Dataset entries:
--- START ---

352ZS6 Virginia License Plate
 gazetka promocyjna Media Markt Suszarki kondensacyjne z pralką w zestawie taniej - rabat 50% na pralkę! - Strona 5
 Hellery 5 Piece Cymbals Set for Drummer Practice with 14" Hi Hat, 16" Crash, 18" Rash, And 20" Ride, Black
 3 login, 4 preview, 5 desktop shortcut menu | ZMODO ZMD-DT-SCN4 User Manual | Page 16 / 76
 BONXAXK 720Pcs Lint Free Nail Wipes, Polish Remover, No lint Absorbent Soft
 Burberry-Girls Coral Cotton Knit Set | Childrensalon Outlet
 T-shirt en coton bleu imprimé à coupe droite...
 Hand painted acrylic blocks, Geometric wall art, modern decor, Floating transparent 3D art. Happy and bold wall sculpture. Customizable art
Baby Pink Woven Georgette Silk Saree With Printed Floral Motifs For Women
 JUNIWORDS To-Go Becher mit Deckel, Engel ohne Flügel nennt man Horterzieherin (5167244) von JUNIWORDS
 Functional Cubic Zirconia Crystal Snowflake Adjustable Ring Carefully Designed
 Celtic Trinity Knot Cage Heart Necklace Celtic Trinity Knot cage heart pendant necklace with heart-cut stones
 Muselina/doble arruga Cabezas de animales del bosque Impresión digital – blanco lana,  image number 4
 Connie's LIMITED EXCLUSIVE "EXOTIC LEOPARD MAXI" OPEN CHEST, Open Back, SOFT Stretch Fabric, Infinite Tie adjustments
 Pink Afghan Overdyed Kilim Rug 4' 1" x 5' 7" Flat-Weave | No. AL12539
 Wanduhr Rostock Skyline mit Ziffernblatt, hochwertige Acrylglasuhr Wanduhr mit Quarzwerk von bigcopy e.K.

--- END ---

_Aim of the exercise_
All of the entries above should be transcribed exactly, line for line.

_Solved exercise_
352ZS6 Virginia License Plate
 gazetka promocyjna Media Markt Suszarki kondensacyjne z pralką w zestawie taniej - rabat 50% na pralkę! - Strona 5
 Hellery 5 Piece Cymbals Set for Drummer Practice with 14" Hi Hat, 16" Crash, 18" Rash, And 20" Ride, Black
 3 login, 4 preview, 5 desktop shortcut menu | ZMODO ZMD-DT-SCN4 User Manual | Page 16 / 76
 BONXAXK 720Pcs Lint Free Nail Wipes, Polish Remover, No lint Absorbent Soft
 Burberry-Girls Coral Cotton Knit Set | Childrensalon Outlet
 T-shirt en coton bleu imprimé à coupe droite...
 Hand painted acrylic blocks, Geometric wall art, modern decor, Floating transparent 3D art. Happy and bold wall sculpture. Customizable art
Baby Pink Woven Georgette Silk Saree With Printed Floral Motifs For Women
 JUNIWORDS To-Go Becher mit Deckel, Engel ohne Flügel nennt man Horterzieherin (5167244) von JUNIWORDS
 Functional Cubic Zirconia Crystal Snowflake Adjustable Ring Carefully Designed
 Celtic Trinity Knot Cage Heart Necklace Celtic Trinity Knot cage heart pendant necklace with heart-cut stones
 Muselina/doble arruga Cabezas de animales del bosque Impresión digital – blanco lana,  image number 4
 Connie's LIMITED EXCLUSIVE "EXOTIC LEOPARD MAXI" OPEN CHEST, Open Back, SOFT Stretch Fabric, Infinite Tie adjustments
 Pink Afghan Overdyed Kilim Rug 4' 1" x 5' 7" Flat-Weave | No. AL12539
 Wanduhr Rostock Skyline mit Ziffernblatt, hochwertige Acrylglasuhr Wanduhr mit Quarzwerk von bigcopy e.K.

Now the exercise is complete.